(Short web captions)
——
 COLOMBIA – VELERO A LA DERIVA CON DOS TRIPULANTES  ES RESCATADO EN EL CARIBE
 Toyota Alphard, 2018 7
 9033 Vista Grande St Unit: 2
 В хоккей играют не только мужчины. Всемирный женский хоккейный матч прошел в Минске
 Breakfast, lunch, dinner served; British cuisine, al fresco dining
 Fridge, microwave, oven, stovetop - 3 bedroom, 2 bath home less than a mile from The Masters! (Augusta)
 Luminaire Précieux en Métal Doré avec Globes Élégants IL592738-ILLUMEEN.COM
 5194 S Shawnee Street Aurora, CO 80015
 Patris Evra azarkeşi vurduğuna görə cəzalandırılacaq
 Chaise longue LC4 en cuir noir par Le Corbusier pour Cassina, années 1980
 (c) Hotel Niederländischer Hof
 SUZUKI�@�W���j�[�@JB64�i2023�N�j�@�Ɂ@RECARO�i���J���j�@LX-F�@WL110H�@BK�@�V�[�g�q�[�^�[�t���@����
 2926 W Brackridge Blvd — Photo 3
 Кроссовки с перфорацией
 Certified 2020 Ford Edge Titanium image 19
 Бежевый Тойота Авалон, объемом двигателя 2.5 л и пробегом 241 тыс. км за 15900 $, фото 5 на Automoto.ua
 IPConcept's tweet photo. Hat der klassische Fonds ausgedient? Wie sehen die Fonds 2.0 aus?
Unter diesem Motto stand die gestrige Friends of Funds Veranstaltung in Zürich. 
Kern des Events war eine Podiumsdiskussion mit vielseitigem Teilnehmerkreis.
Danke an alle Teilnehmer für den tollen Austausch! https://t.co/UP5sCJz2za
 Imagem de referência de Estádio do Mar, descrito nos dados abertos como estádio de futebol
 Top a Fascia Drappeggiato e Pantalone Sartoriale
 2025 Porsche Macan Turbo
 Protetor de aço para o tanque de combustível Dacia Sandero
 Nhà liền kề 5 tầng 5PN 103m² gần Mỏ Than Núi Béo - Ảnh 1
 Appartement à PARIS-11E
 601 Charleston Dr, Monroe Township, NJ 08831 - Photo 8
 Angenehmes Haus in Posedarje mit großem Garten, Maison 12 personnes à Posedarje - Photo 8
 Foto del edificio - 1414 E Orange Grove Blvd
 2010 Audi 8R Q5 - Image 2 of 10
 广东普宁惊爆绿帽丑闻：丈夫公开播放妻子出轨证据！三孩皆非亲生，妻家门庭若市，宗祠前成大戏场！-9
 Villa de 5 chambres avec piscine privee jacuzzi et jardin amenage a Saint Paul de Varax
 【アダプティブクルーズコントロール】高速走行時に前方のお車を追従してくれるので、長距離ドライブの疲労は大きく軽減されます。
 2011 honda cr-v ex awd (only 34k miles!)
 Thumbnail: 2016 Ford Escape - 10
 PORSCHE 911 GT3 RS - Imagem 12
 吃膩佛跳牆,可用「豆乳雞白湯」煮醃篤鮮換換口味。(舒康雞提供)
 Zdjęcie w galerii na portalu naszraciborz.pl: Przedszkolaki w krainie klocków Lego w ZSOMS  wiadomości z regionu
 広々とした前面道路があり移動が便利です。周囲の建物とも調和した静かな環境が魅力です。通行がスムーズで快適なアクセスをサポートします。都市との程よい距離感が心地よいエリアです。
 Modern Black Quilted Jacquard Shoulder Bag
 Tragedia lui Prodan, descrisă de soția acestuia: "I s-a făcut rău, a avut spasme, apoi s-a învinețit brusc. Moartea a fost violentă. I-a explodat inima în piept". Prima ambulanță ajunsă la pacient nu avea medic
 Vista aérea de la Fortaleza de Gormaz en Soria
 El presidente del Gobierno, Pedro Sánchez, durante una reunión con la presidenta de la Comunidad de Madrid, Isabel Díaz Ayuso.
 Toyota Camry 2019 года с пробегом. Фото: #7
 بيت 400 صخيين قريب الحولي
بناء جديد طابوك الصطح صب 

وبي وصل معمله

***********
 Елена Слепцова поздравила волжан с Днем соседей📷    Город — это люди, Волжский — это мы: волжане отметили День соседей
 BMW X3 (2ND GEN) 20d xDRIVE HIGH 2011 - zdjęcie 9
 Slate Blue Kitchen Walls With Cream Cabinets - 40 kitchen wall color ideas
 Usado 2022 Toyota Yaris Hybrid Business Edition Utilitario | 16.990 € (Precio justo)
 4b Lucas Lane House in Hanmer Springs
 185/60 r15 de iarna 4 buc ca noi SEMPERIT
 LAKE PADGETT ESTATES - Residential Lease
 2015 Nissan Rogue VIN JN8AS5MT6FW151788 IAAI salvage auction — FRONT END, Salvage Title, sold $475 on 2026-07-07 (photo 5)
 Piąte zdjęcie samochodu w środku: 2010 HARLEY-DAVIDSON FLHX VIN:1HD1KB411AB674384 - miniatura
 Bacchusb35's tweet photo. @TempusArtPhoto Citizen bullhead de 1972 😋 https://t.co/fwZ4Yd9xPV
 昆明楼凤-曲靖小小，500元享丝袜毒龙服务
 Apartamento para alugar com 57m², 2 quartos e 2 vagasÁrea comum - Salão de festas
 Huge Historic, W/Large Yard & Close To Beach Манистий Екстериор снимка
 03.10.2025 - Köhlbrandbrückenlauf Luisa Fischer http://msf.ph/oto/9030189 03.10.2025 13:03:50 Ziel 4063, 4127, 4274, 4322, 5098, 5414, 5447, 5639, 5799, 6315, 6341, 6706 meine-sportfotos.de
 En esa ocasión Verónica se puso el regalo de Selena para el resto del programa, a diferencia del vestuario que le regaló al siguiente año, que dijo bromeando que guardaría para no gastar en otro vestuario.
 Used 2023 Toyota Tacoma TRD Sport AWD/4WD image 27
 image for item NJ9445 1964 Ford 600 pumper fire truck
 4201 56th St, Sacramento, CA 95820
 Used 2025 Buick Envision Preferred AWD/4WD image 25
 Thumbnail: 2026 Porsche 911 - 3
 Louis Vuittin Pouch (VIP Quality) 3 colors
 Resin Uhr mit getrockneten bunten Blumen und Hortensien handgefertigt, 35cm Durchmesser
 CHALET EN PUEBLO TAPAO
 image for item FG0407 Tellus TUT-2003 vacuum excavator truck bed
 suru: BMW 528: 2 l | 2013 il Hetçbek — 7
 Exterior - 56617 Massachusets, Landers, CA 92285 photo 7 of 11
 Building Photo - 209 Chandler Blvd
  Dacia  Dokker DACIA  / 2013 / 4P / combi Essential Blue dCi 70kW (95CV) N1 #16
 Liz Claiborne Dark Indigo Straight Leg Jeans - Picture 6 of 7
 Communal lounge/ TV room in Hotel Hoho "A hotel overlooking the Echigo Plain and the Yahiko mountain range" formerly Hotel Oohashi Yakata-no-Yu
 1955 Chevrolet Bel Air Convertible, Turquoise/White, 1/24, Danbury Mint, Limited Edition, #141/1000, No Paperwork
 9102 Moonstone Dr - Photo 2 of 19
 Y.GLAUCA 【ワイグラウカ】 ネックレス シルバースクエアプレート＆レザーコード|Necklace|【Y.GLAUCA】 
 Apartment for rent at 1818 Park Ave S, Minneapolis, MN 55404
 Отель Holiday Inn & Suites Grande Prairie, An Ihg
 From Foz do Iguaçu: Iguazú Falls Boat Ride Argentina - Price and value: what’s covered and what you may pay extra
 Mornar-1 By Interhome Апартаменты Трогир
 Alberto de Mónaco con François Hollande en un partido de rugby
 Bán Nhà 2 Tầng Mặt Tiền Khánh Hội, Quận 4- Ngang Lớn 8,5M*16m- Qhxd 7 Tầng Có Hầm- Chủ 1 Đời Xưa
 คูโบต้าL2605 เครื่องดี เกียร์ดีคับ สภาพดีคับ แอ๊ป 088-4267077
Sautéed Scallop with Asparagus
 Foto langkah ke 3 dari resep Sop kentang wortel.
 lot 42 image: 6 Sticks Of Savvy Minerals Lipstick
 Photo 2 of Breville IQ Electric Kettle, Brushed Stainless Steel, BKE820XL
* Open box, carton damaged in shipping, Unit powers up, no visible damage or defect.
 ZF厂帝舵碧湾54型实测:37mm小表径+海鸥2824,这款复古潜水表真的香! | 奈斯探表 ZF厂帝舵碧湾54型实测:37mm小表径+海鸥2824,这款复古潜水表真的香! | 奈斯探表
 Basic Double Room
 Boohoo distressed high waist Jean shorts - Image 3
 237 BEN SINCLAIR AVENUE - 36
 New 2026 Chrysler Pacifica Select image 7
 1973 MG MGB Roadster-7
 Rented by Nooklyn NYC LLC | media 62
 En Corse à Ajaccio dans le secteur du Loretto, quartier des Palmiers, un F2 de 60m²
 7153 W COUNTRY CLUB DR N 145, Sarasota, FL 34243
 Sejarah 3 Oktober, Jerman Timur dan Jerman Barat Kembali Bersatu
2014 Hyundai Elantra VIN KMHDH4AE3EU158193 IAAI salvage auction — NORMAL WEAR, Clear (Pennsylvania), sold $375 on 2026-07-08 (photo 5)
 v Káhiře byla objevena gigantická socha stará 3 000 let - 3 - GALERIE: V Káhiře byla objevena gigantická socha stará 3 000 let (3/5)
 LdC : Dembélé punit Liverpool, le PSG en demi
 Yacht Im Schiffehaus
——
Activity:
Repeat the data word for word, starting at its first line and stopping after the line that contains "Top a Fascia".

Answer section:
 COLOMBIA – VELERO A LA DERIVA CON DOS TRIPULANTES  ES RESCATADO EN EL CARIBE
 Toyota Alphard, 2018 7
 9033 Vista Grande St Unit: 2
 В хоккей играют не только мужчины. Всемирный женский хоккейный матч прошел в Минске
 Breakfast, lunch, dinner served; British cuisine, al fresco dining
 Fridge, microwave, oven, stovetop - 3 bedroom, 2 bath home less than a mile from The Masters! (Augusta)
 Luminaire Précieux en Métal Doré avec Globes Élégants IL592738-ILLUMEEN.COM
 5194 S Shawnee Street Aurora, CO 80015
 Patris Evra azarkeşi vurduğuna görə cəzalandırılacaq
 Chaise longue LC4 en cuir noir par Le Corbusier pour Cassina, années 1980
 (c) Hotel Niederländischer Hof
 SUZUKI�@�W���j�[�@JB64�i2023�N�j�@�Ɂ@RECARO�i���J���j�@LX-F�@WL110H�@BK�@�V�[�g�q�[�^�[�t���@����
 2926 W Brackridge Blvd — Photo 3
 Кроссовки с перфорацией
 Certified 2020 Ford Edge Titanium image 19
 Бежевый Тойота Авалон, объемом двигателя 2.5 л и пробегом 241 тыс. км за 15900 $, фото 5 на Automoto.ua
 IPConcept's tweet photo. Hat der klassische Fonds ausgedient? Wie sehen die Fonds 2.0 aus?
Unter diesem Motto stand die gestrige Friends of Funds Veranstaltung in Zürich. 
Kern des Events war eine Podiumsdiskussion mit vielseitigem Teilnehmerkreis.
Danke an alle Teilnehmer für den tollen Austausch! https://t.co/UP5sCJz2za
 Imagem de referência de Estádio do Mar, descrito nos dados abertos como estádio de futebol
 Top a Fascia Drappeggiato e Pantalone Sartoriale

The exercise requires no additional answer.